Non è la prima volta che il nuoto serve la causa delle migrazioni. Nel 2015 la nuotatrice siriana Yusra Mardini riuscì a salvare da un naufragio 18 persone. È il 2015, la guerra devasta la Siria e Yusra decide di mettersi in viaggio. Si imbarca insieme ad altre 18 persone su un gommone che ne può contenere al massimo nove. Nel bel mezzo del viaggio verso la Grecia un temporale si abbatte sull'imbarcazione. Il barcone sta lentamente affondando, quando Yusra si tuffa in acqua e con altri due uomini la tiene a galla, trascinando la barca per tre ore e mezzo fino all'approdo sull'isola di Lesbo. "Scappavo dalle bombe", disse allora Yusra.

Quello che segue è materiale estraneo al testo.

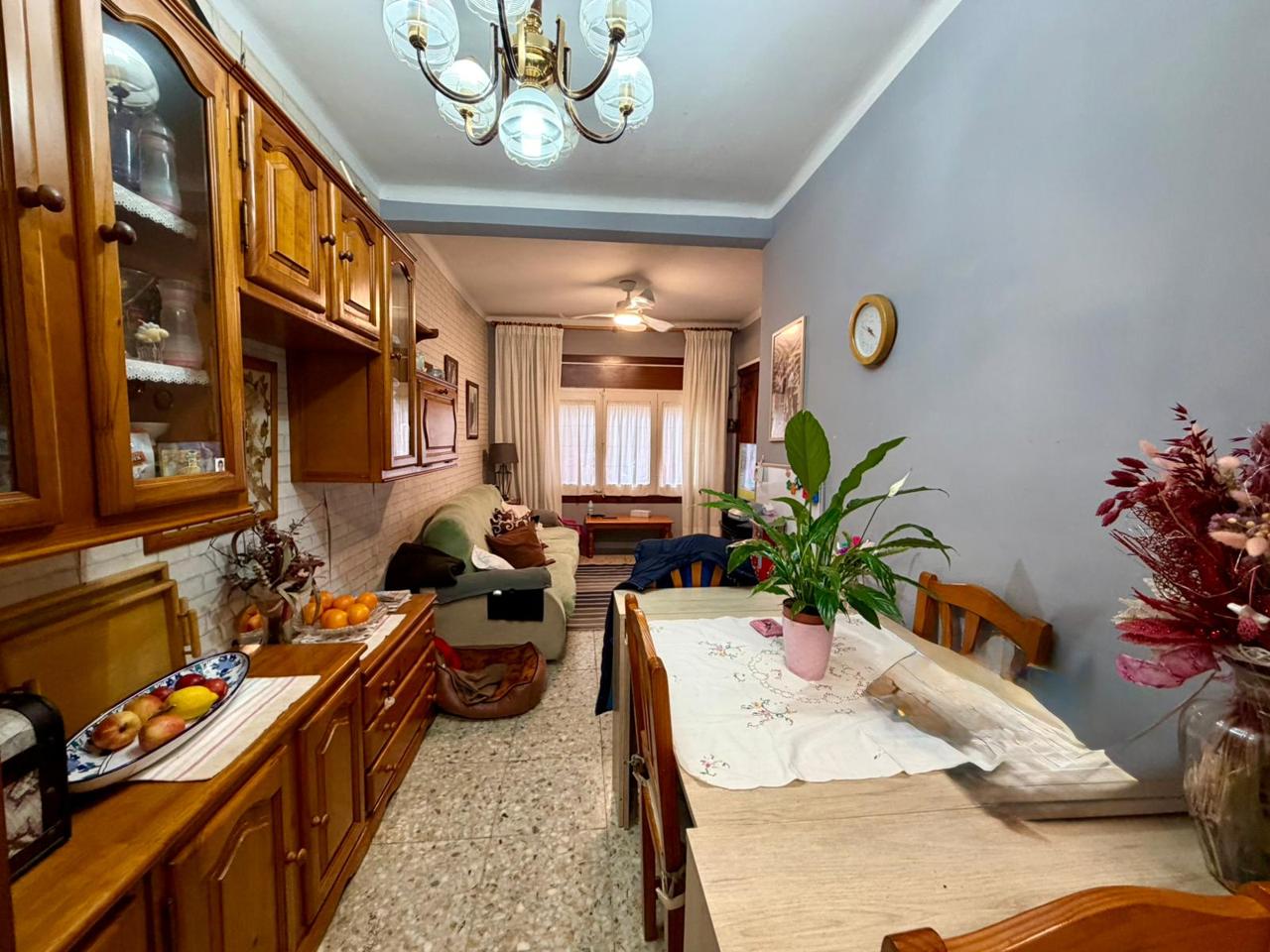 piso en montcada-i-reixac · montcada-centro 157000€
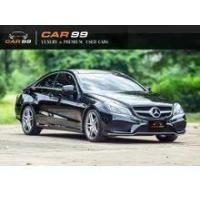 ราคา 2015 Mercedes-Benz E200 2.0 AMG Dynamic Coupe - กรุงเทพมหานคร (รถมือสอง) (18069861)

Oggi invece i nicaraguensi fuggono dalla repressione. La Commissione interamericana sui diritti umani (IACHR) nel suo report pubblicato lo scorso 14 marzo conferma che nelle carceri nicaraguensi "ci sono maltrattamenti, restrizioni alimentari, assenza di cure e mancato rispetto dei protocolli contro il covid nonché minacce e molestie alle famiglie in visita". Molti studenti e giornalisti denunciano anche oggi l'utilizzo da parte delle forze dell'ordine di "waterbording e scosse elettriche". Le persone fuggono dal Nicaragua con una frequenza media di 4mila persone al mese.

Persino un ex fedelissimo del presidente come McFields Yescas, ex giornalista di Canal 12, sostiene: "Nel mio Paese c'è la dittatura, impossibile difenderla". Centinaia di donne e uomini stanno imparando a nuotare per fuggire da questo "gulag centroamericano".